Friday, November 30, 2012

Magnificent Censorship

OK, mostly it's just "Dallas" with camels
America, unsurprisingly, has not bothered to look up from "American Idol" long enough to notice, but around the world over 150 million viewers are captured every week by the steamy heroic adventures of the Sultan in "Magnificent Century".   Now in its third season, the series is a Turkish prime-time soap opera based on the life of Suleiman the Magnificent, the great sixteenth century Sultan of the Ottoman Empire.  It turns out, however, that for all its global popularity, Turkish Prime Minister Recep Tayyip Erdo─čan is most assuredly not a fan.  He took the opportunity to make that clear while attending the opening of a brand new airport in Kutahya Province, railing against the portrayal of the Sultan guzzling wine and rockin' his harem, even going so far as to take his complaints to the Judiciary. “We alerted the authorities,” he said ominously. “We wait for a judicial decision on it. Those who toy with these values should be taught a lesson within the remit of law.”
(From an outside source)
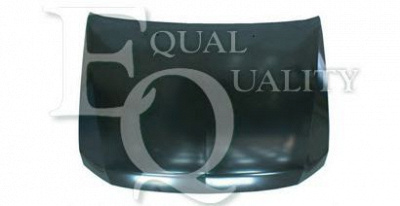 EQUAL QUALITY l02588 -  Капот двигателя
Now, I have on multiple occasions taken the opportunity to be complimentary in regards to PM Erdogan, for his modern views and his willingness to take an independent position even when it was not the expedient choice.  I still think his response to the Mavi Marmara atrocity was an example for leaders around the world.  But in the interest of honesty, he is also capable of showing some of the authoritarian intolerance that often characterizes Muslim - led governments.  Nations have to understand that a functional democracy is much more than just free elections and some kind of separation-of-powers arrangement.  Democracy is at its core a liberal endeavor, one that requires a tolerance of diversity, not only of people but of voices and speech and lifestyles.  This is one of the fatal flaws of a Theocracy, even in a highly homogeneous population - people want to choose their moral strictures, not have them imposed upon them by force of law.

This sort of tension arises in a Democratic society when a group within that society with rigid views on social behaviors gains some level of political power or influence, and politicians begin pandering to their prejudices in order to leverage that power.  We see that play out in a larger sense in Muslim nations, but it is prevalent in the United States, and can be seen in any nation with a significant fundamentalist or provincial population.  How different is Erdogan's outrage, really, than the almost comical national consternation over a "wardrobe malfunction" during a football game halftime show?

The growth of Muslim Fundamentalist political power in Arab nations, particularly those transitioning from long decades of single-party rule to some sort of democratic political system is a real risk to their growth and success as nations.  It is completely understandable, because during those years of authoritarian rule where the government used the secret police to crush any vestige of political opposition, the only venue for that opposition to organize was the mosque.  It fell to the Imams and Mullahs to challenge the political status quo, because to imprison, torture and murder them had disproportionate negative outcomes for the regime.  Now, in the post-revolutionary chaos of the Arab-Spring, it is these fundamentalist organizations that have the organizational and financial capability to govern.  Sadly, however, their approach to governance is not wholly dissimilar from that of the despot they replaced, as they seek complete legislative control and freedom from independent judicial oversight.  Again, when people go from the battlefield to the ballot box without seeing the establishment of democratic institutions and the rule of law, they do not live in a democracy so much as under the tyranny of the majority.

In Erdogan's case, however, he does not have such freedom to act unilaterally.  Turkey has a long post-Ottoman history of being an uncompromisingly secular society, officially tolerating all religions alongside no religion, with the military as the key institution safeguarding against a slide into Muslim theocracy.  The Prime Minister has sought, with some success, to change that balance, prosecuting hundreds of officers for plotting coups in order to cow the military into accepting changes driven by the civilian government.  But no one doubts that there are absolute limits to how many basic freedoms they're willing to see sacrificed on the altar of religious zealotry.


  1. There are a lot of things in the neighbourhood to be cranky about; maybe this is leftover pissiness.

  2. Here, at least, is a case where we can say "They are so screwed."